On March 10, 1812 Childe Harold's Pilgrimage, Cantos I and II, was made available to the public. The first edition of five hundred quarto copies, priced at fifty shillings for a bound copy, were sold out in three days. An octavo edition of three thousand copies at twelve shillings was on the market within two days. Byron is supposed to have said, "I awoke one morning and found myself famous."
Fiona MacCarthy in Byron: Life and Legend (New York: Farrar, Straus and Giroux, 2002) at page 159 writes that the decision to bring out the poem in a large format was made by John Murray over the objections of Lord Byron. She writes:
He had disapproved of John Murray's decision to publish Childe Harold in a large format quarto edition, calling it 'a cursed unsaleable size'. The approximate price of a bound copy, 50 shillings, has been assessed by the literary economist William St. Clair as equivalent to 50 per cent of the weekly income of a gentleman. However, in three days the first edition of 500 copies had all gone.
The poem reads in parts like a travelogue retracing Byron's travels through the Mediterranean and East in 1809-1811. On a more abstract level, it is a quest poem where Harold "sore sick at hear" goes on a pilgrimage to find some meaning or spiritual renewal in a world in chaos. The emotional intensity of the the poem's expression resonated with a public that was weary with war, revolution and economic upheaval. The public reaction of the poem is thus, in some ways, as interesting as the poem. Harold, the artistic creation, rooted in Byron's own experiences, becomes for the public incarnate in the person of Lord Byron. The author was becoming his creation.
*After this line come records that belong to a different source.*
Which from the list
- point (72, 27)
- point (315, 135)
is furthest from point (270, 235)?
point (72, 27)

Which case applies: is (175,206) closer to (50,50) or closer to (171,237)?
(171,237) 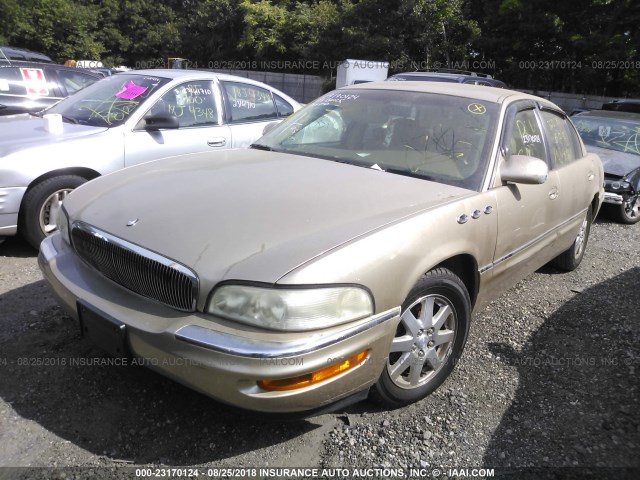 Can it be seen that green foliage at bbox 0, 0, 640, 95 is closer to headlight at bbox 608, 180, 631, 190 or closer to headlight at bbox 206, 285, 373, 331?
headlight at bbox 608, 180, 631, 190

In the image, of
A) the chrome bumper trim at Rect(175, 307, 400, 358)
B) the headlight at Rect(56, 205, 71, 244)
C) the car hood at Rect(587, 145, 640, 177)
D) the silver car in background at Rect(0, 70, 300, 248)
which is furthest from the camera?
the car hood at Rect(587, 145, 640, 177)

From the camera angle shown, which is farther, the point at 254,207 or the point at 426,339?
the point at 426,339

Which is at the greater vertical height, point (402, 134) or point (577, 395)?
point (402, 134)

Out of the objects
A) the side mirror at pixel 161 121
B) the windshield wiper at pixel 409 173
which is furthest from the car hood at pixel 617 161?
the side mirror at pixel 161 121

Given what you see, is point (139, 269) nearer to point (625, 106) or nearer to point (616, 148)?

Again, Fiona MacCarthy, puts it this way: "Byron himself achieved a quasi-royal charisma in the period he would later refer to as his 'reign', the spring and summer season of 1812 when women in particular went 'stark mad' about Childe Harold an its author... Byron learned to manipulate his fame, avoiding appearing in public in the morning, steering clear of situations where his lameness would show him at a disadvantage."
From Childe Harold's Pilgrimage, Canto I
by Lord Byron
II
Whilome in Albion's isle there dwelt a youth
Who ne in virtue's ways did take delight;
But spent his days in riot most uncouth,
And vexed with mirth the drowsy ear of Night.
Ah me! in sooth he was a shameless wight,
Sore given to revel and ungodly glee;
Few earthly things found favour in his sight
Save concubines and carnal companie,
And flaming wassailers of high and low degree.
III
Childe Harold was he hight — but whence his name
And lineage long, it suits me not to say;
Suffice it, that perchance they were of fame,
And had been glorious in another day:
But one sad losel soils a name for aye,
However mighty in the olden time;
Nor all that heralds rake from coffin'd clay,
Nor florid prose, not honey'd lies of rhyme,
Can blazon evil deeds, or consecrate a crime.
IV
Childe Harold bask'd him in the noontide sun,
Disporting there like any other fly;
Nor deem'd before his little day was done
One blast might chill him into misery.
But long ere scarce a third of his pass'd by,
Worse than adversity the Childe befell;
He felt the fulness of satiety;
Then loathed he in his native land to dwell,
Which seem'd to him more lone than Eremite's sad cell.
V
For he through Sin's long labyrinth had run,
Nor made atonement when he did amiss,
Had sigh'd to many, though he loved but one,
And that loved one, alas! could ne'er be his.
Ah, happy she! to 'scape from him whose kiss
Had been pollution unto aught so chaste;
Who soon had left her charms for vulgar bliss
And spoiled her goodly lands to gild his waste,
Nor calm domestic peace had ever deign'd to taste.
VI
And now Childe Harold was sore sick at heart,
And from his fellow bacchanals would flee;
'Tis said, at times the sullen tear would start,
But Pride congeal'd the drop within his e'e:
Apart he stalk'd in joyless reverie,
And from his native land resolved to go,
And visit scorching climes beyond the sea;
With pleasure drugg'd he almost long'd for woe,
And e'en for change of scene would seek the shades below.